Yeshivat Shaare Torah (more popularly known as Shaare Torah or just Shaare) is a 501(c)(3) non-profit organization that operates five Sephardic private Jewish day school programs located in Brooklyn, New York, United States.
 It includes single-gender elementary schools and high schools for boys and girls. The boys' high school has 309 students and the girls' high school has 120 students. The organization also operates a preschool program for 60 children.

Teaching philosophy

Shaare Torah is affiliated philosophically with Orthodox Judaism.

Student demographics

Shaare Torah primarily caters to the Sephardic Jewish community of Brooklyn, but also has students from around the Tri-State area.

After high school graduation

Graduates are encouraged to participate in year-long programs at yeshivot and seminaries in Israel.

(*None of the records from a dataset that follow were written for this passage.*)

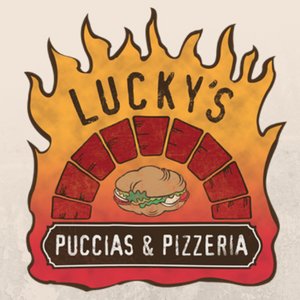 luckyspuccias's profile picture. Lucky's Puccias & Pizzeria is an authentic Italian dining experience that offers delicious meals prepared in the traditional fashion using a wood fired oven.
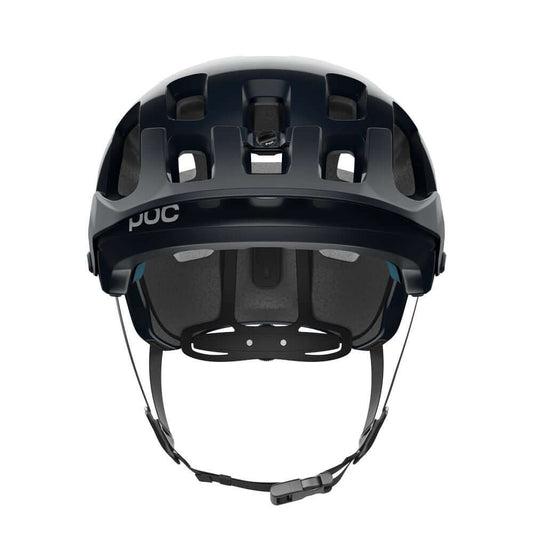 POC Tectal Race Spin Helmet - OpenBox Uranium Black/Hydrogen White XL\XXL Bike Helmets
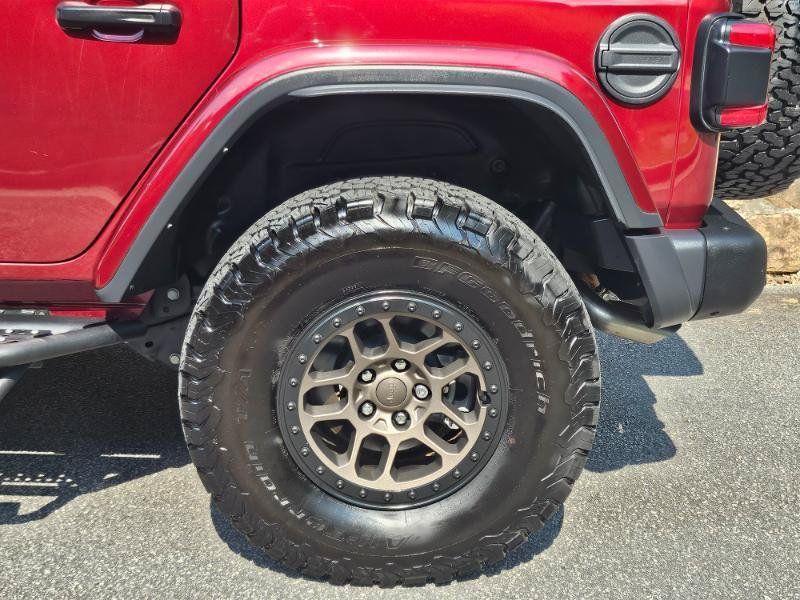Used 2022 Jeep Wrangler Unlimited Rubicon AWD/4WD image 16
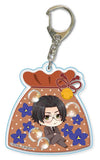 Ango Sakaguchi Bungo Stray Dogs Pukasshu Acrylic Key Chain Key Chain [USED]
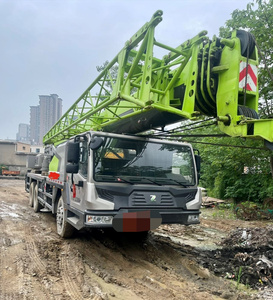 Top-Marke Zoomlion 25 Tonnen Schwerlast-Mobilkran 35m Hubhöhe Hohe Lastmomentkapazität Motor Holzkiste UK Saudi-Arabien Süden - Product Image 1
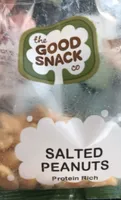 Salted peanuts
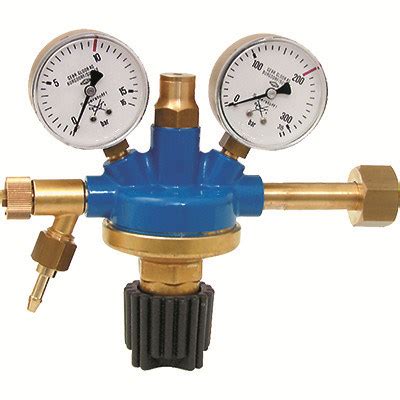 Cylinder Pressure Regulators With Pressure Indication Argon Regulator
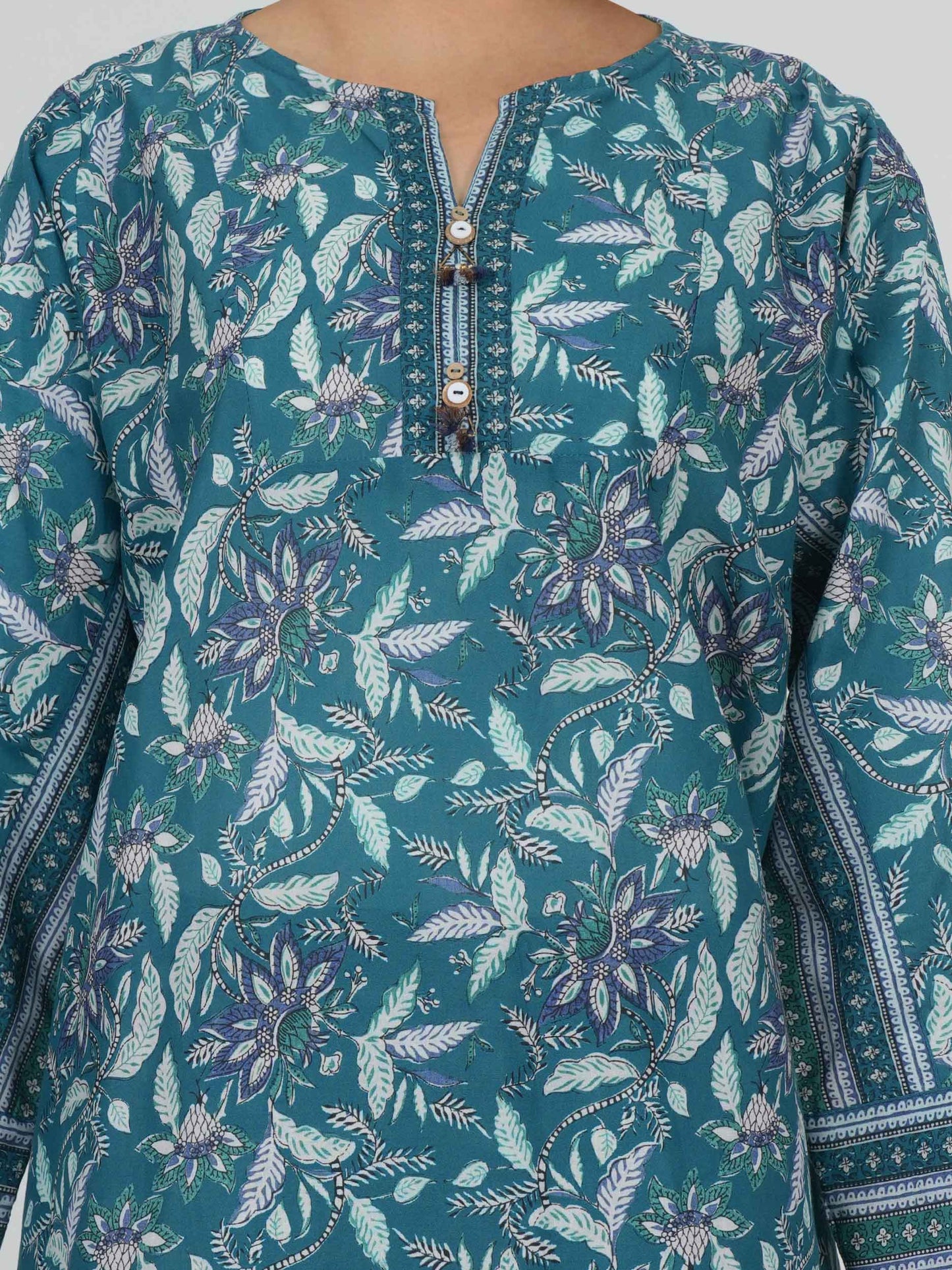 Lawn Premium Co-ord Set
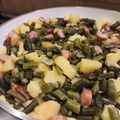 Beáta Ferenczi Cooksnap-ja, amikor elkészítette a(z) Lyoni zöldbab (egytálétel) receptet.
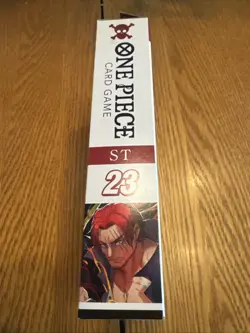 One Piece Card Game ST 23 Red Shanks Starter Deck New Sealed St23 English - Image 2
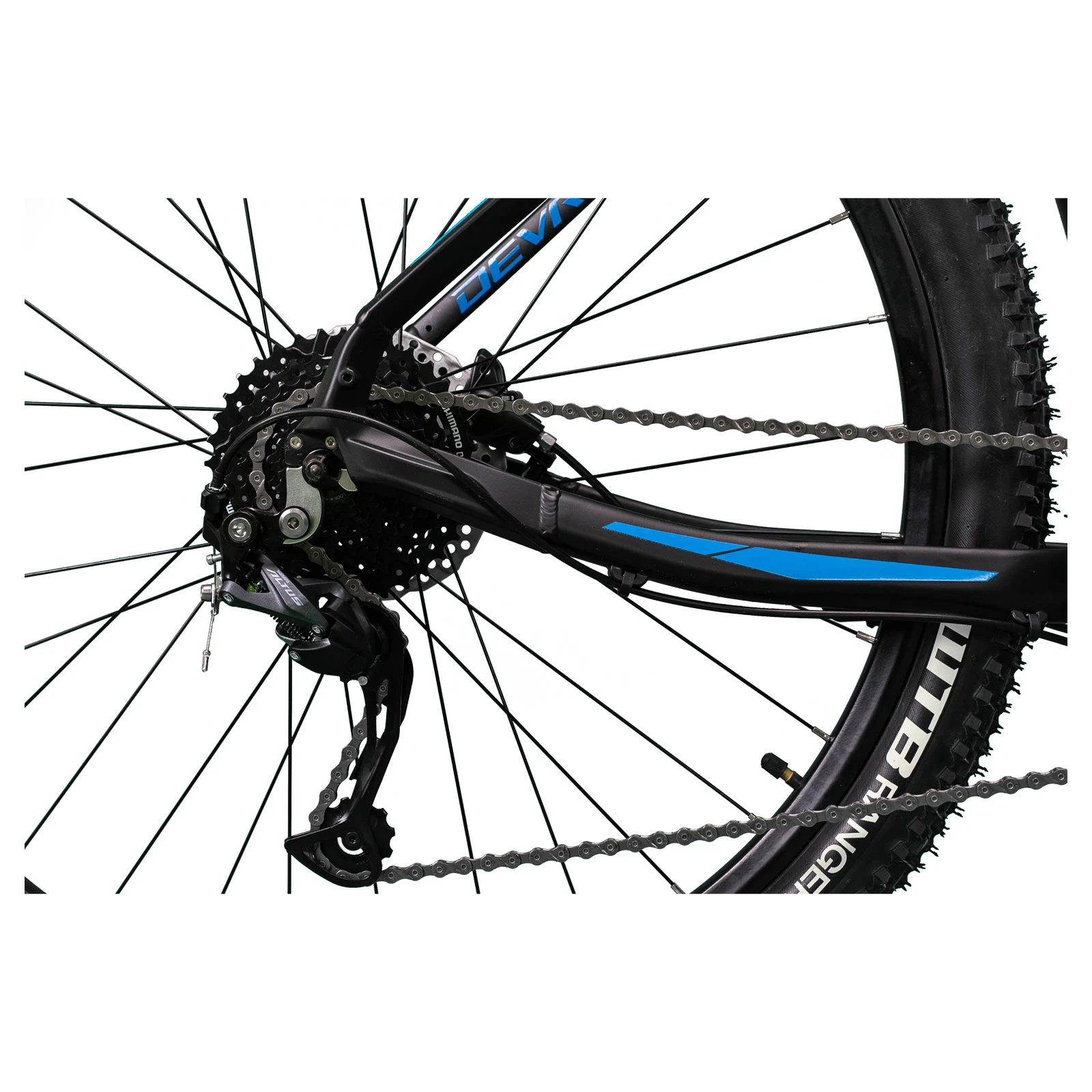 6. Bicicleta Mtb Devron Riddle 2023 RM2.9 - 29 Inch, XL, Negru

Afterwards, some continue their studies in similar institutions, while others enroll in university, or go straight into the workforce. Some of the most popular universities among Shaare alumni, such as Brooklyn College and Baruch College, grant up to one year's worth of credit to students who study in Israel, allowing them to apply these credits to their undergraduate degree.

History

In 2009, 34 students at the girl's elementary school were injured when a sidewalk grate collapsed during a graduation ceremony. The girl's elementary school has about 300 students. That same year, the school closed due to the swine flu epidemic.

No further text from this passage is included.